Regarding the second inquiry submitted, Enel Chile consulted with the SP in order to confirm if the Pension Funds Management Companies (AFP, in their Spanish acronym), acting on behalf of the Chilean pension funds that they manage, are not restricted in order to acquire first issue shares of Enel Chile within the context of the TO, by allocating part of the price to be received in cash for their Enel Generación shares toward subscribing Enel Chile shares. By means of Official Letter N° 24.211 of October 24, 2017, the SP indicated that the possibility that the pension funds acquiring newly issued shares of Enel Chile within the context of the TO would indeed be appropriate, where a part of the price of the TO is to be allocated toward paying for newly issued shares of Enel Chile, only inasmuch as the payment to their benefit is effectively consistent with the requirements of the regulations issued by the SP and to those indicated in the inquiry submitted by Enel Chile.
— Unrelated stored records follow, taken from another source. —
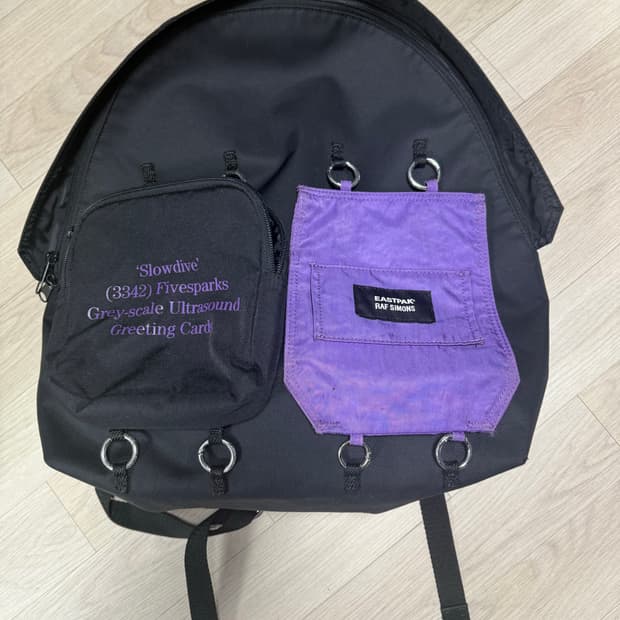 라프시몬스 X 이스트팩 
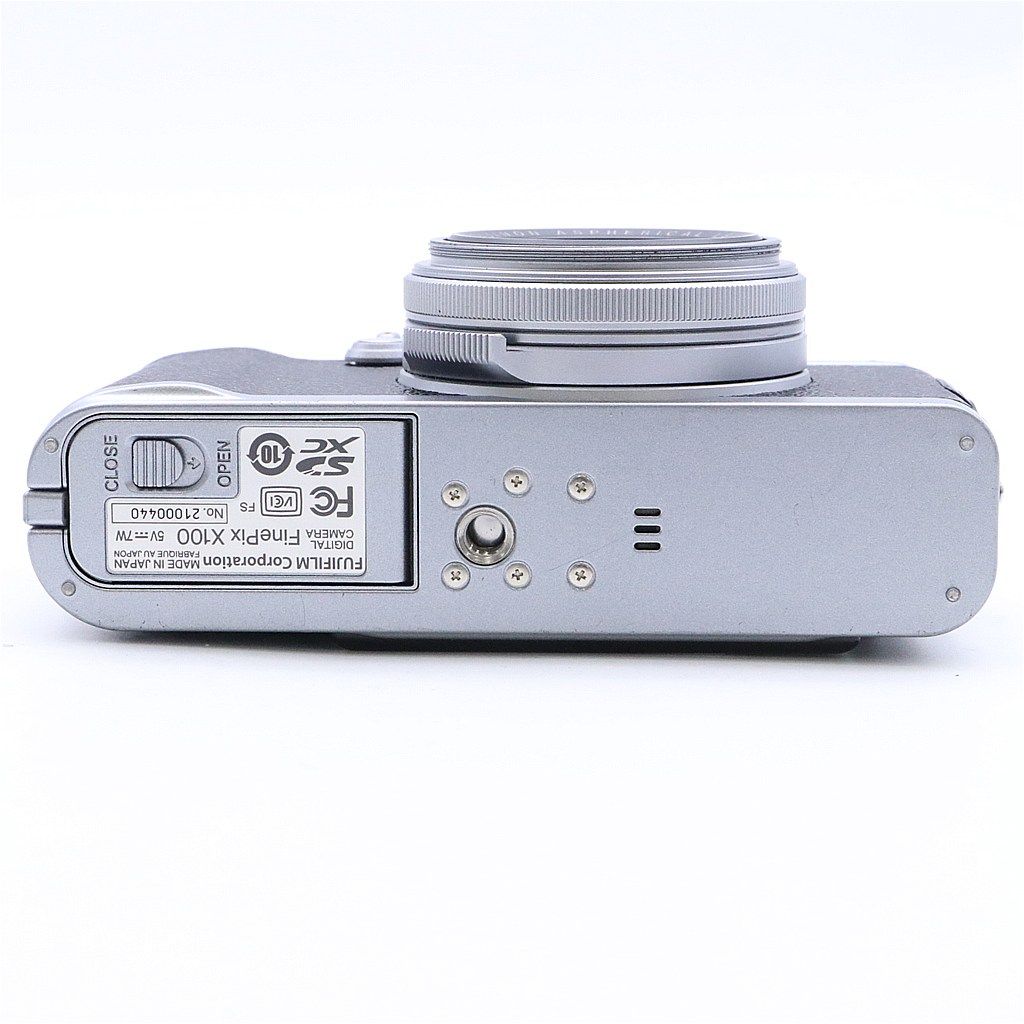 極上品】 Fujifilm FinePix X100 シルバー #5544 - メルカリ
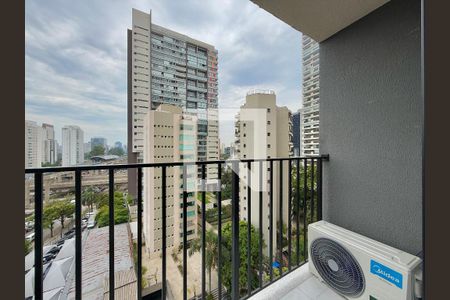 Sacada  de apartamento para alugar com 1 quarto, 27m² em Campo Belo, São Paulo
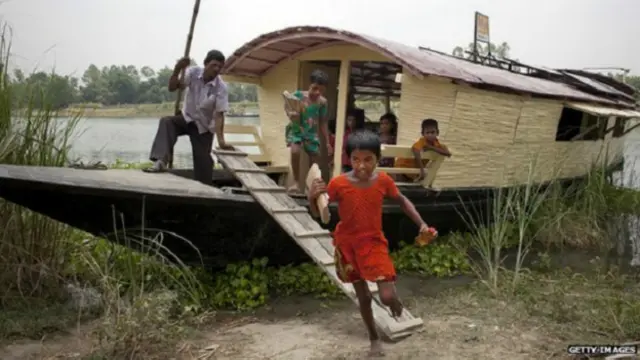 नाव पर तैरते स्कूल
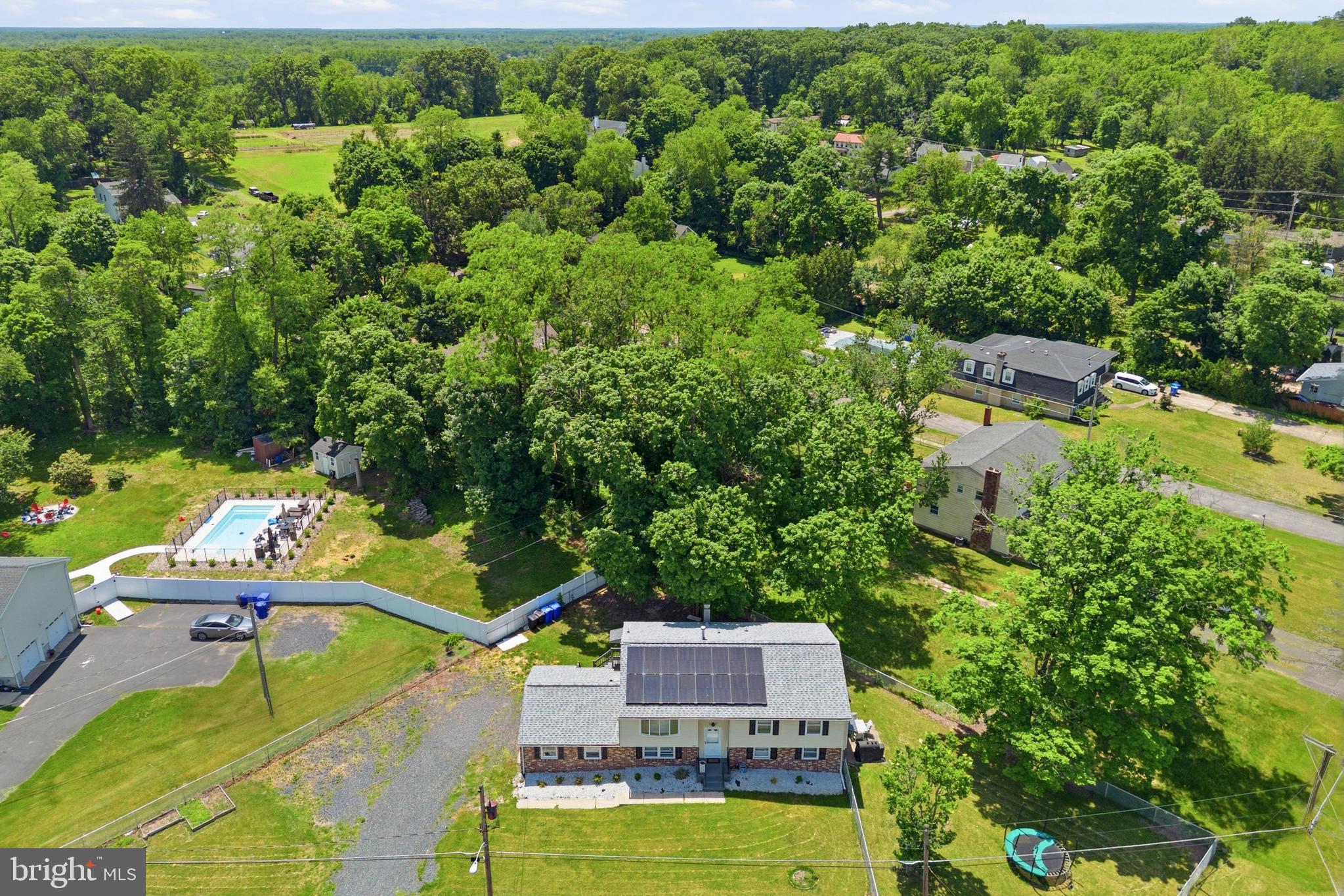 410 Lewistown Road Columbus, NJ 08022 - Photo 3 of 35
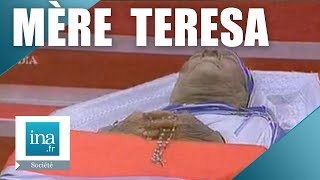 Les obsèques de Mère Teresa  Archive INA [upl. by Ekal366]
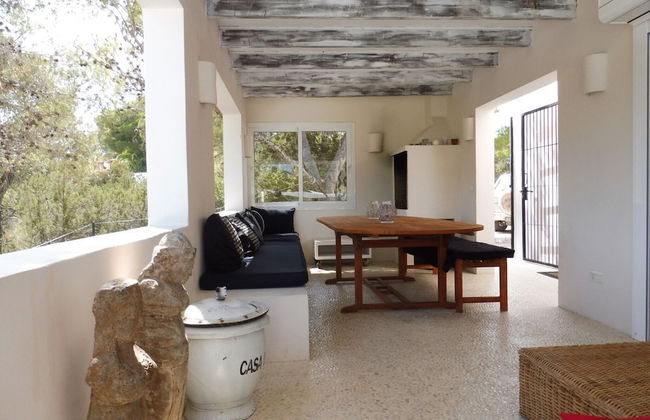 Villa in Cala Tarida With Private Pool & Sea View - Foto 15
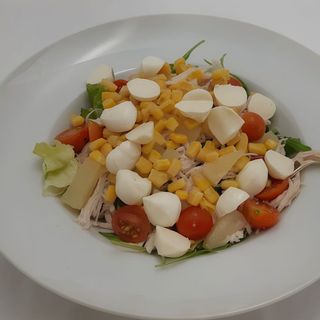 Salada de ovo mexido com ananás e azeitonas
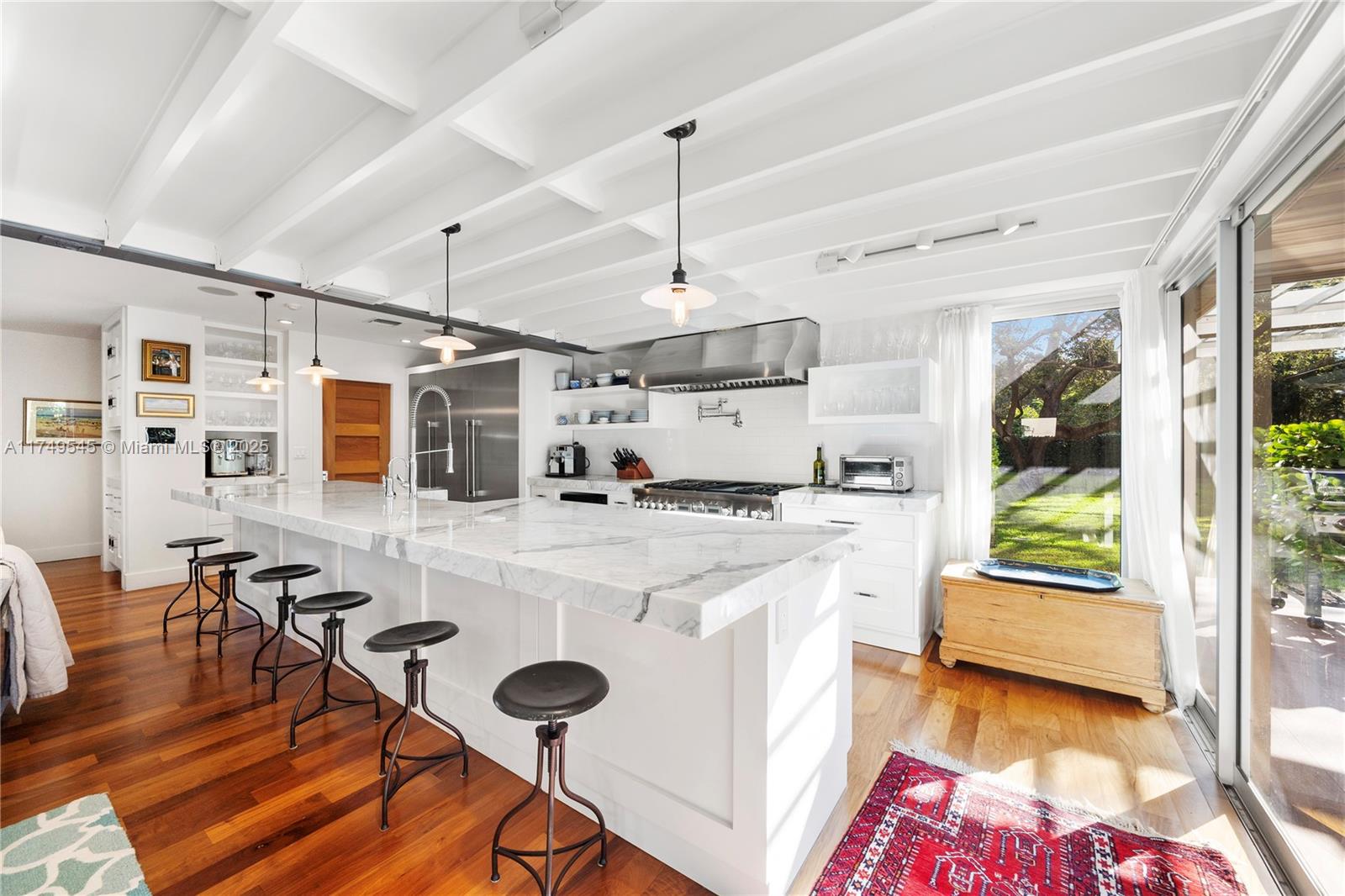 DUHE ESTS - Residential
The SP added that the payment mechanism to the benefit of the pension funds must comply strictly with the simultaneous delivery versus payment requirement contemplated under the Pension System Regulations Compendium (“Compendio de Normas del Sistema de Pensiones”) under Book IV, Title I, Letter A, Chapter V, V.2, number 1.

 

Through a significant event notice issued by the Company on October 26, 2017, the Board of Directors of Enel Generación informed the SVS and the market the fact that it become aware of the new structure of the Reorganization that took into account the responses of the SVS and the SP to the inquiries filed by Enel Chile, in that the TO shall be conducted exclusively in cash; and that such TO shall contemplate, among its terms and conditions, a condition precedent that all of the shareholders of Enel Generación that accept to sell their shares in the TO must allocate a portion of the price that they will receive in cash toward subscribing and paying for newly issued shares of Enel Chile, imputing a portion of the price of the TO toward paying the subscription price for the shares of Enel Chile.

 

Through the Official Letter N°28,883 dated October 26, 2017, the SVS indicated to the Company that Enel Generación must consider the Reorganization approval as an OPR pursuant to the regulations established under numeral 4 of article 147 of the Chilean Corporations Act; namely, to have the OPR be approved by the unanimous vote of the non-involved board members, or, in lack thereof, by an Extraordinary Shareholders’ Meeting. 


 

 

Therefore, in order to approve the Reorganization as an OPR, it must be submitted to the unanimous approval of those board members of the Company that do not have an interest in the Transaction, and, should they not unanimously approve it, it must be approved by an Extraordinary Shareholders’ Meeting of Enel Generación, by two-thirds (2/3) of its issued shares with voting rights.

 

By means of a significant event notice dated November 3, 2017, it was reported that the Board of Directors of Enel Generación received the final reports prepared and issued by each of the independent evaluators, Banchile and Asset Chile, and also that such reports were reported to the SVS and to the market by their publication in the Company’s website.

 

On November 9, 2017, the Company’s Directors’ Committee issued a report, pursuant to the provisions of article 50 bis of the Chilean Corporations Act, regarding the Transaction.

 

Lastly, on November 14, 2017, Enel Chile published a collective statement issued by its Board of Directors as of that same date, in which the Enel Chile’s Board of Directors considered that reasonable parameters that would justify the execution of the Transaction, among the pre-established guidelines and conditions for it, which are the followings:

 

(i)       With respect to the TO for the shares issued by Enel Generación:

-          a price per Enel Generación share of 590 Chilean pesos;

-          a price per Enel Chile share of 82 Chilean pesos that will be the price at which the capital increase for first issue shares of Enel Chile;

-          based on the above, an implicit exchange ratio of 7.19512 Enel Chile shares for each Enel Generación share; and

-          since the price for the TO was established in 590 Chilean pesos per share, 40% of that price would be allocated for the subscription of Enel Chile first issue shares (based on the exchange ratio of 7.19512 Enel Chile shares for each Enel Generación share) and 60% would be received in cash by the Enel Generación’ shareholders which participate in the TO.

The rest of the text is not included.